PADRAIG HARRINGTON: Obviously that question has been asked to me before this week and I really have to give the same answer. I'm more concerned about what I am doing and getting my own game in shape that I haven't had a moment's time to sit back and think about somebody else's game. You can only look at a gap when you feel like you've got -- if I feel like I'm playing my very best golf then I might start to look at a gap between me and any player, but there's no point in trying to -- I don't really care if there's a gap between Tiger and the world No. 2. It doesn't really bother me. It's where I'm at and how I'm doing, and eventually if I improve or get to a level where I feel like I can't improve anymore, maybe I'll start worrying about the gap.
Q. Did you say that you were sort of a late-bloomer? You came along after some of the other big names had played amateur golf there and sort of had to get into the mix a little late?

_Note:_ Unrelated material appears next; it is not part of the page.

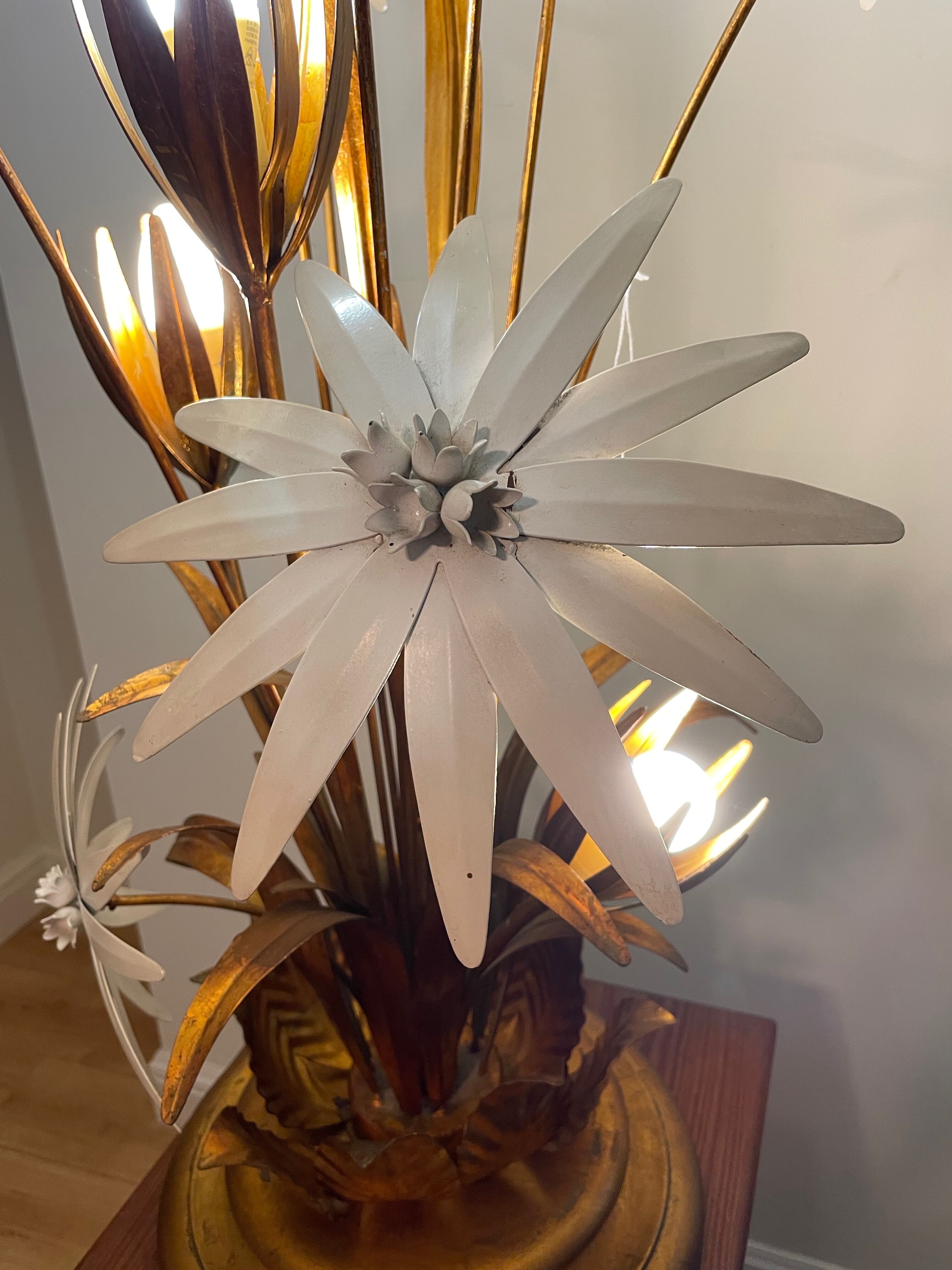 Floor lamp Hans Kogl 1970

PADRAIG HARRINGTON: I don't know if I was a late-bloomer. I think what I said was I was no -- how would I describe this -- I was no boy star. I wasn't the one you would have picked out of the bunch and said he's going to be the successful professional. Even when he turned -- I went to college, I studied accountancy. When I went to college I wasn't going to turn pro. I was going to get a degree to work in the golf industry. I had no intention of turning pro at 18 years of age. It was only when I was 21 years of age and guys were turning pro who I was beating and they were doing okay, so I said, well, I'll give it a go. I was hoping to become a journeyman professional. That was my aspirations when I turned pro. Whether it was my immediate aspirations if I turned pro to get my card and keep my card, and I might after two years learn from what I've seen to figure out how to improve. That's actually what happened, after two years I stepped back and did change a lot of things in order to improve, but when I originally started off I came in a lot higher up than I thought I would. I finished 11th my first year on Tour. I would have taken your hand off to be 100 in the order. It's like the kind of score today. You have to go with the flow when it happens. You have to say that's great, it's much better when I expected. It's one of the reasons why I don't tell people my goals. It's one of the difficult things. If you think you've overachieved the following year you'll probably go back to what you thought you should have done.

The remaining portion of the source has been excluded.